On the attack, CPI Aero lands the Viper

Sky king: Edgewood-based CPI Aerostructures will be contributing key components to the assembly of new AH-1Z attack helicopters.

Longtime Long Island defense contractor CPI Aerostructures has landed a sizeable deal to work on an advanced military attack helicopter.

The Edgewood-based manufacturer said this week it has received an indefinite delivery/indefinite quantity contract from Bell Helicopter, a Texas-based subsidiary of Rhode Island-based Textron Inc. that’s responsible for the AH-1Z Viper.

CPI Aero will manufacture engine-cowl assemblies and support assemblies for the gunship, under an open-ended contract that runs through December 2020. The IDIQ contract carries a potential value of $14.8 million, according to the subcontractor, which has manufactured similar assemblies for the AH-1Z Viper since 2011, racking up more than $6.8 million in orders.

The Viper is a twin-engine, armor-plated attack ship used by the U.S. Marine Corps since 2010. Built to carry “the widest array of ordinance” of any helicopter in the world, according to CPI Aero, it packs Bell Helicopter’s next-level Target Sight System, which boasts the longest range of any military attack helicopter.

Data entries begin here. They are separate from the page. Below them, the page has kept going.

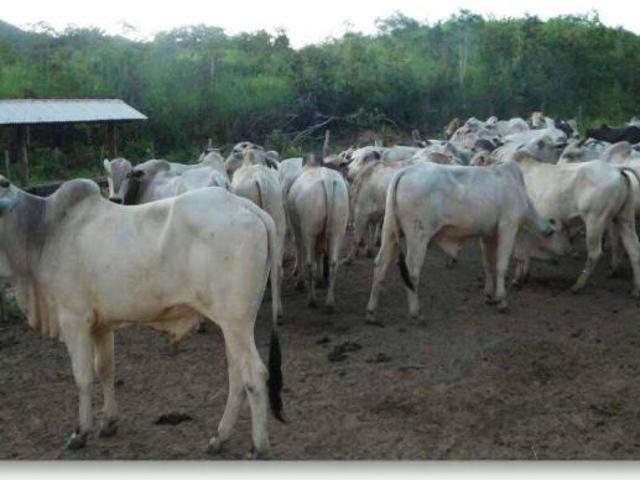 Sítio e chácara venda em Colinas do Sul, Região Geográfica Intermediária de Porangatu-Uruaçu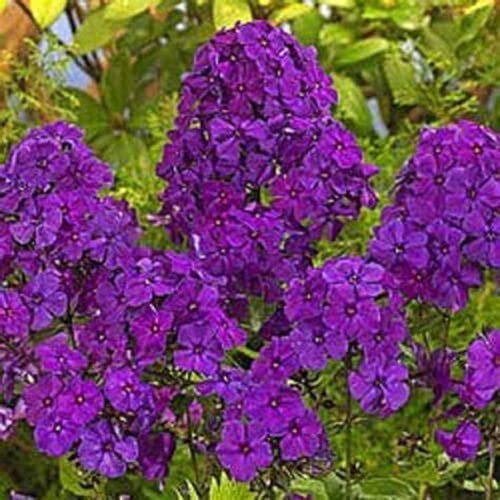 CHUXAY GARDEN 30 Seeds Phlox 'Violet Pinwheels',Creeping Phlox Seed,Alpine Phlox,Moss Phlox Evergreen Perennial Flowering Plant Landscaping Rocks Beautiful Potted Plants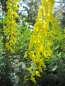 Preview: Cytisus nigricans Cyni - schwarzer Ginster Cyni -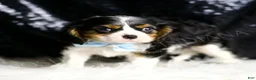 Cavalier King Charles Spaniel dogs for sale: Wrigley - Ad 3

In May 2016, Bell Helicopter was awarded a contract for 16 AH-1Z helicopters through the Marine Corps’ H-1 Helicopter Program, which is designed to upgrade the corps’ aging helicopter fleet and calls for an additional 189 freshly minted Vipers to be pressed into service.

The follow-on deal with Bell Helicopter rewards CPI Aero’s strategy “to secure strong positions within key national security programs such as the AH-1Z,” CPI Aero President and CEO Douglas McCrosson said Tuesday.

“It is extremely satisfying that our focus on quality, value and customer service has resulted in CPI Aero continuing this work into the next decade,” McCrosson said.

CPI Aero, a longstanding Tier 1 supplier to private and federal government Original Equipment Manufacturers and Tier 2 subcontractor to major Tier 1 manufacturers, is a longtime U.S. Department of Defense prime contractor. And its efforts are hardly limited to whirlybirds: In September, the Edgewood manufacturer announced a new $2.7 million contract to work on components of the U.S. Navy’s EA-18G Growler fighter plane.